Just reading the newspapers from the past few days, does "More Workers Face Pay Cuts, Not Furloughs" from The New York Times get you all hot and heavy over a new cyclical bull market? How about "Tech Gadgets Steal Sales From Appliances, Clothing" from the Wall Street Journal - hey, who cares if the spin cycle on the washer-dryer don't work no more, I got me an iPad! Amazing.

Meanwhile, there is excitement in the air over the view that all we have on our hands is a pause that refreshes. More interesting, however, is how the bond market just isn't buying it. Why should it when MasterCard processed transactions are flat from where they were a year ago?

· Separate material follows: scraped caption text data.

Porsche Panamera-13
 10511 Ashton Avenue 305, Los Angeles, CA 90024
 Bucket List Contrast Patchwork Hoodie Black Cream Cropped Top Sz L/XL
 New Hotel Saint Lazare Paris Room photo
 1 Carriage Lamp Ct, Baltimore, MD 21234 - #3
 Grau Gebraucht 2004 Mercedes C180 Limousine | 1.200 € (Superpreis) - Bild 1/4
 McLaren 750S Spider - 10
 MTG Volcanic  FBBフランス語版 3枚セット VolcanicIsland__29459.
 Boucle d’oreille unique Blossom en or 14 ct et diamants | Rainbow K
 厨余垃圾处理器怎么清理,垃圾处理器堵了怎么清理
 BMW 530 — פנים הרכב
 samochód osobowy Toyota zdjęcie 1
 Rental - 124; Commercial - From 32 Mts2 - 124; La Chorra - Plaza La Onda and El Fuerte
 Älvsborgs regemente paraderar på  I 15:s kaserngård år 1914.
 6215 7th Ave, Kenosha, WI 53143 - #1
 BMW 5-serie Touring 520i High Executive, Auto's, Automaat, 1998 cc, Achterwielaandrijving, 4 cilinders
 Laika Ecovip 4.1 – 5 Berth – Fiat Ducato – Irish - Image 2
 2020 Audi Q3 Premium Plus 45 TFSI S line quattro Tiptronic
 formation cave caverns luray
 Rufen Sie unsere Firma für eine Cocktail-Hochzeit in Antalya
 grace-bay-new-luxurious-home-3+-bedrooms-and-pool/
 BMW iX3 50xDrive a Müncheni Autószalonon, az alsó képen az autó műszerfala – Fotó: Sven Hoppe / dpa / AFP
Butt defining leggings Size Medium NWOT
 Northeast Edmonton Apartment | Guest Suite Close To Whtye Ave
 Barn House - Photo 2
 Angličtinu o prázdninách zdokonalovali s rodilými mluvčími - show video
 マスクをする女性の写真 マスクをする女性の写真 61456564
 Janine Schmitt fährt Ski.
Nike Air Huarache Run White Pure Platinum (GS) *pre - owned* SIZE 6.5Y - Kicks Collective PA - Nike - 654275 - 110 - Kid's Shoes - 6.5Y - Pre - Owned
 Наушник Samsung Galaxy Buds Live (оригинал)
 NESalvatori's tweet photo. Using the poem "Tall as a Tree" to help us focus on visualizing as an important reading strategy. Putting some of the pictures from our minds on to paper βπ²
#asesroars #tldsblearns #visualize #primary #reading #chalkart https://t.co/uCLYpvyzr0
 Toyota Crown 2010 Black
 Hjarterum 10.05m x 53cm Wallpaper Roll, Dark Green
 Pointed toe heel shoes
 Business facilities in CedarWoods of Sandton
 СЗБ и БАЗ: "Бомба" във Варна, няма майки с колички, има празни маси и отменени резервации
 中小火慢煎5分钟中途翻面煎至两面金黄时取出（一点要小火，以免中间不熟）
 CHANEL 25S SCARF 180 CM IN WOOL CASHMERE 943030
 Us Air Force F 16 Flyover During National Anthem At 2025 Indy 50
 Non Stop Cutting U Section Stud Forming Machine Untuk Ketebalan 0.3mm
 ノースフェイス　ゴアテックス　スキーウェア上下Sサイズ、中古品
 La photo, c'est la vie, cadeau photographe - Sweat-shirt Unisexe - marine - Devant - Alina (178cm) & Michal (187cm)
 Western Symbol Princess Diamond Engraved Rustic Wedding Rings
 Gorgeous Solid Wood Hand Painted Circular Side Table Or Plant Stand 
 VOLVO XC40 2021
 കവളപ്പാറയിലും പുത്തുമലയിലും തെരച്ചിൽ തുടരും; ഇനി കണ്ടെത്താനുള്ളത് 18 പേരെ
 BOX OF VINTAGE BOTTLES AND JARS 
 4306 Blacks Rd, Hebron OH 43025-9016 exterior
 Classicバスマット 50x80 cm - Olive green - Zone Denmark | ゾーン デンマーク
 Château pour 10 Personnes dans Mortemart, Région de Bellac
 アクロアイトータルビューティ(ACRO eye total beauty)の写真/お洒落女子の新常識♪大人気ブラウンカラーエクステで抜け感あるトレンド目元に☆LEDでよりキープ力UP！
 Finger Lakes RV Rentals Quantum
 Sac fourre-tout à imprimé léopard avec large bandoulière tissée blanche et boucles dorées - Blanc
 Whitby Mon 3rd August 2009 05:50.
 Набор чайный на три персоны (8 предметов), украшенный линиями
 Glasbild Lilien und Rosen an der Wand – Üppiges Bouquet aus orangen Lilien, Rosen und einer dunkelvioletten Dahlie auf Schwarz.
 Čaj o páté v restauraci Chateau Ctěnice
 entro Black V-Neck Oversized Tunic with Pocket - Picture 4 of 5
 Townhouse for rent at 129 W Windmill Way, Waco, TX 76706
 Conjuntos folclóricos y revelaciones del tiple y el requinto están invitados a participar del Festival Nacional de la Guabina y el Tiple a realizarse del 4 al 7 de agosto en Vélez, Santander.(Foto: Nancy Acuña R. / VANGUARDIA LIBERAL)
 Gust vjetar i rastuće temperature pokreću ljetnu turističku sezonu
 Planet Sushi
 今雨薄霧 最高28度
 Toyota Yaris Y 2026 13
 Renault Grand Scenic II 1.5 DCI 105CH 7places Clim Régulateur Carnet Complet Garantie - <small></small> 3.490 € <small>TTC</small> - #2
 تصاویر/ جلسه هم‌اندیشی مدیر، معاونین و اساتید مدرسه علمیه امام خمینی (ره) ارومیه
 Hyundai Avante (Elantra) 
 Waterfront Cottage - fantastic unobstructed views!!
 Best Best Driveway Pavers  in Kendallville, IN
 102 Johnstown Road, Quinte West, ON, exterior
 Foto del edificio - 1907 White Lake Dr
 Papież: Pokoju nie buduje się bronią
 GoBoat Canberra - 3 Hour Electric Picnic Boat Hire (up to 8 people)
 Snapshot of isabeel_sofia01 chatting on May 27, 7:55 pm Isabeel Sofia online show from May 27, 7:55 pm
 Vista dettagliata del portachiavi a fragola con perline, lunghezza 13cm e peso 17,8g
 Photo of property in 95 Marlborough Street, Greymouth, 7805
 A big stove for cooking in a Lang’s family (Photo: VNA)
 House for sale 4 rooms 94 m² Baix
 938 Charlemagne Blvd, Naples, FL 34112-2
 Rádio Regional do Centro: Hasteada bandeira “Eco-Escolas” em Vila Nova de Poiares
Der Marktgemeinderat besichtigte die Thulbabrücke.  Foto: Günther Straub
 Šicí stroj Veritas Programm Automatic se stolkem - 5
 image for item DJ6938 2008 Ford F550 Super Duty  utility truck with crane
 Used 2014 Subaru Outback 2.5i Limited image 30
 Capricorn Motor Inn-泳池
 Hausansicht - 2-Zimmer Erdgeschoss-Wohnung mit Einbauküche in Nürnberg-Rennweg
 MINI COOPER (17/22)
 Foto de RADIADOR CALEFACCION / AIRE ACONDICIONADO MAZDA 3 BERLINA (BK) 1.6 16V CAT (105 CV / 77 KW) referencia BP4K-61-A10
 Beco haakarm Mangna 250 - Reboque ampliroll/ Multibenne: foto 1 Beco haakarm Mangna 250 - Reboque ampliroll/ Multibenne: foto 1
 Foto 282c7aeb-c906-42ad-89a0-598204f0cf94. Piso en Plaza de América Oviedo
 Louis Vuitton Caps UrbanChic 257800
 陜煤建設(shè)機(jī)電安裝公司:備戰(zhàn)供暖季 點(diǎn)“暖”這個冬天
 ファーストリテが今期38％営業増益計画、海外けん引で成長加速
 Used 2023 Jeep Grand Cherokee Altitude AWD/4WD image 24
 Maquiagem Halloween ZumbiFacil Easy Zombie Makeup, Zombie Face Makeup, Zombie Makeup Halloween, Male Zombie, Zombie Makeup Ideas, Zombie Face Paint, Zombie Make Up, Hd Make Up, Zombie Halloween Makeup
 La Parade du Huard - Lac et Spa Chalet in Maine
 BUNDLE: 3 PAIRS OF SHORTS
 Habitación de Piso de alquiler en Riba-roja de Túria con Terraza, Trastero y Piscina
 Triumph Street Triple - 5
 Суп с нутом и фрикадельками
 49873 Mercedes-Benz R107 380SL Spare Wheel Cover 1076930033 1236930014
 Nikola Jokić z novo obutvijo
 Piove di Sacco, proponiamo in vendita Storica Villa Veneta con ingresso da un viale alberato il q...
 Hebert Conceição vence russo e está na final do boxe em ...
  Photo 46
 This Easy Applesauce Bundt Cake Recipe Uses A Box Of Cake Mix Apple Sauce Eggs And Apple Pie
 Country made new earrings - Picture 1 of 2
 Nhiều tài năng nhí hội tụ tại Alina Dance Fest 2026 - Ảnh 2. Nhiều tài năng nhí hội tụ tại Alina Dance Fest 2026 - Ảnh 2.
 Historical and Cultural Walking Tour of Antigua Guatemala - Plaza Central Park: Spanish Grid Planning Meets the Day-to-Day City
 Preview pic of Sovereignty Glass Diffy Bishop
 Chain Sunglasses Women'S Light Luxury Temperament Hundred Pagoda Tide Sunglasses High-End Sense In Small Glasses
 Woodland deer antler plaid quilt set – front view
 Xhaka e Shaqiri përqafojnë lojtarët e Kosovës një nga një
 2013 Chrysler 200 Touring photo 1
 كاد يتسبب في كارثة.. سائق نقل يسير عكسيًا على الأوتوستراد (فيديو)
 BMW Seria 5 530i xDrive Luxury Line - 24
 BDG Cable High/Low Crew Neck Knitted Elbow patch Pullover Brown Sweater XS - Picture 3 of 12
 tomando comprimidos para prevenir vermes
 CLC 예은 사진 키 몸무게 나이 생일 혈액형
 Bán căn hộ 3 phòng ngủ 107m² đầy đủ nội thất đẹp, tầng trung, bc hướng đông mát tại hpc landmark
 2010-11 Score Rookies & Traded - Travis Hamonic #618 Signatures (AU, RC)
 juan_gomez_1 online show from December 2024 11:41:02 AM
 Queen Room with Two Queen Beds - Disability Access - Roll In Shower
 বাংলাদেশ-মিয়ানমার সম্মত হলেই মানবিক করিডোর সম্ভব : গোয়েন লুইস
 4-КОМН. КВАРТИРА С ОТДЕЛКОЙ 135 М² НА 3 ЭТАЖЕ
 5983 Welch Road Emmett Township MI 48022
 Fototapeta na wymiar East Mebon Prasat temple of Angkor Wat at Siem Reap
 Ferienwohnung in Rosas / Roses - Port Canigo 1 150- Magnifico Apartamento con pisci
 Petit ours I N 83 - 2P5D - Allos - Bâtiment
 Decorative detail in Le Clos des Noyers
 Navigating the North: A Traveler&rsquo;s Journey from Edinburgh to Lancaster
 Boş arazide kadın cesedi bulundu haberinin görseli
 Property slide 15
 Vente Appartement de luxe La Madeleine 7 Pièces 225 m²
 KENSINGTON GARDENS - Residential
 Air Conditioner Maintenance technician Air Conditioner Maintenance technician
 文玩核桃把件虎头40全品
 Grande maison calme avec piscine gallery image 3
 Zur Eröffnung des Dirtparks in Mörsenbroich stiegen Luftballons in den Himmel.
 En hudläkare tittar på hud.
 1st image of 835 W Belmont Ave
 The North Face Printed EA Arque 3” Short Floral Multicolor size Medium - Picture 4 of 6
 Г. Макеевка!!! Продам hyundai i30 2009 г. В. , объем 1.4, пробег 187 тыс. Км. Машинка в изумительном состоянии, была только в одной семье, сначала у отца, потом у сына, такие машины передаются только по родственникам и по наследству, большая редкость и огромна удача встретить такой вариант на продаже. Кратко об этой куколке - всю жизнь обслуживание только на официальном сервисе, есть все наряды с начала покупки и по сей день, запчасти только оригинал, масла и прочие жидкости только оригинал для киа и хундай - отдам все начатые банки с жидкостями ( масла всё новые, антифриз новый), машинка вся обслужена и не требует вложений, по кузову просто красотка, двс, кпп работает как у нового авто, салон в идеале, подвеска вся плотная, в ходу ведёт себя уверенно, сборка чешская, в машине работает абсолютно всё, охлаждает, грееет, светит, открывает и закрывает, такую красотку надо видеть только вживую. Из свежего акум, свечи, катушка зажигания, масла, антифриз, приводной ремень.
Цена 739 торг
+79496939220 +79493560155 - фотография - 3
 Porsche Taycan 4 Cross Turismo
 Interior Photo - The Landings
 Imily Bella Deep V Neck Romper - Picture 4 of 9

Nothing we are seeing in this post-bubble credit collapse is normal.

What is "normal" in the context of a postwar recovery in the U.S. is that four quarters into it, real GDP expands at more than a 6-per-cent annual rate. That puts today's 2.4 per cent into a certain perspective. And, with the revisions now showing that the downturn we were in was even deeper than previously thought, the level of economic activity in real terms now is still 1 per cent below the pre-recession peak.

Again, when you look back at 55 years worth of postwar data, what is normal 2½ years after a recession begins is that by now we are at a new peak (on average, breaking above the prior high in GDP by 8 per cent). Real final sales - representing the rest of GDP (excluding inventories) - came in at a paltry 1.3-per-cent annual rate last quarter and average out at 1.2 per cent since the economy hit rock bottom a year ago in what is clearly the weakest revival in recorded history.

Normally, real final sales expand at closer to a 4-per-cent annual rate in the year after a recession officially ends. Then again, we haven't heard anything official just yet about the one that began in December, 2007. So, the fact that it is averaging at around one-third the typical pace in the face of unprecedented policy stimulus is rather telling and frightening.

As for employment, typically (back to 1945), payrolls are 1.1 million above the peak, or 2.3 per cent, fully 31 months after the recession starts, Currently, were are down 7.7 million jobs or 5.6 per cent from the December, 2007, peak.

The S&P 500 is locked in this technical battle between 1,000 and 1,200 but the bond market has already said "enough is enough" as the 10-year Treasury note yield remains stubbornly below 3 per cent.

Moreover, consider the odds of seeing the following:

  • It is a 1-in-20 event to see successive declines in durable goods shipments and orders.
  • To see the CPI down for three months in a row is a 1-in-40 event. To see the PPI falling three months in row carries 1-in-25 odds. But to have both PPI and CPI fall three months in a row is a ... wait for it ... 1-in-85 event.
  • As for retail sales, posting back-to-back declines during expansionary periods is a 1-of-35 event.
  • And as for the deflationary waves hitting the shores of the labour market, a decline in average hourly earnings, as we saw in last month's payroll data, is a 1-in-50 event.

Wall Street economists and strategists are all so busy telling us how normal things are that it can be quite unsettling. Look at measures of confidence, for crying out loud.

The University of Michigan consumer sentiment index - currently at 67.8 in July - is the lowest since November, 2009.

What is the average during recessions? 73.8.

What does it average in economic expansions? Try 90.9.

So you tell me where we are in the cycle?

Ditto for the U.S. Conference Board consumer confidence survey. It was 50.4 in July - a five month low.

The average during recessions is 70.4, and 102 in expansions. In other words, it is still 20 points below the recession averages.

The National Federation of Independent Business small-business optimism sentiment was 89.0 in June - a three-month low. The average during recessions is 91.9. The average during expansions is 100.2. Again, you be the judge.

The consensus is looking for $76 (U.S.) on reported EPS for the S&P 500 for next year. Let's assume for a second that write-offs do matter, and that an appropriate multiple in a highly uncertain and more regulated financial and economic backdrop is around 10-times or 12-times earnings on a reported basis, and you can see why it is that it is quite possibly far too early to overweight the equity market. That day will come - when things are more "normal."